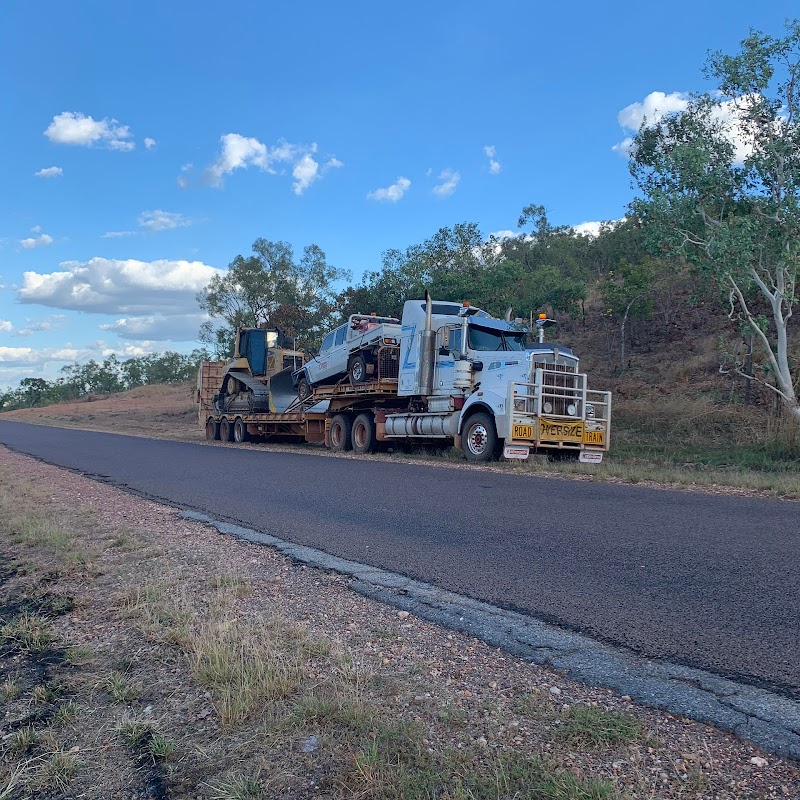 Coleman's Contracting & Earthmoving photo 1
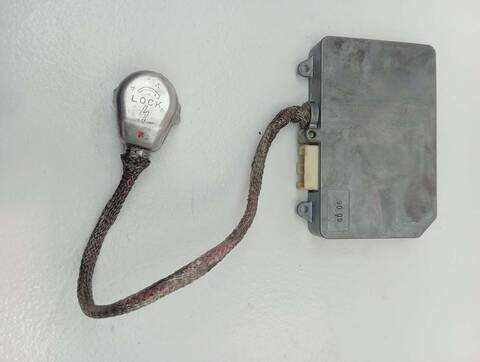 Centralita Faros Xenon Renault Vel Satis 3.0 DCI DIESEL P9X) 181CV 133KW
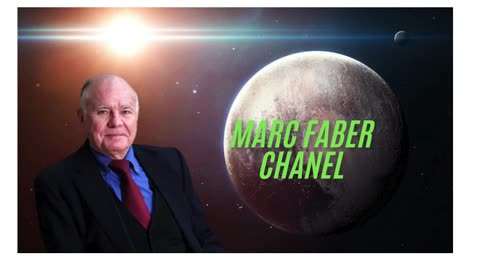 💥 Marc Faber: The Fed’s Epic Fail! ! ! ! 2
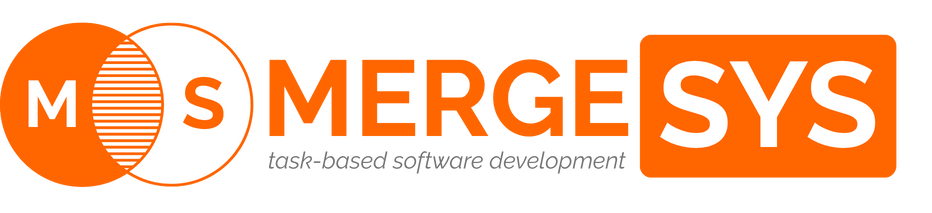 Mergesys Logo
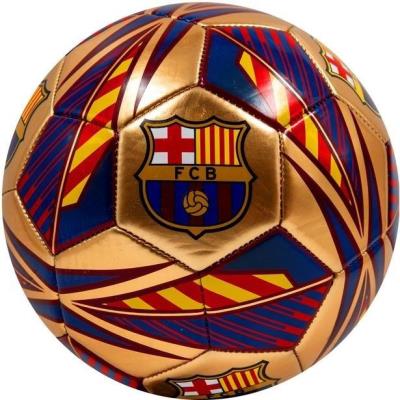 Opakowanie Piłka nożna FC Barcelona Pitch Gold R.5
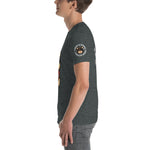 CON Short-Sleeve Unisex T-Shirt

● ● ● ●

YOUR OBJECTIVE — From the line containing "Mergesys Logo" down to the last line of the data above, transcribe exactly those lines and no others; omit the pictures.

ANSWER TO THIS TASK —
 Mergesys Logo
 Opakowanie Piłka nożna FC Barcelona Pitch Gold R.5
 CON Short-Sleeve Unisex T-Shirt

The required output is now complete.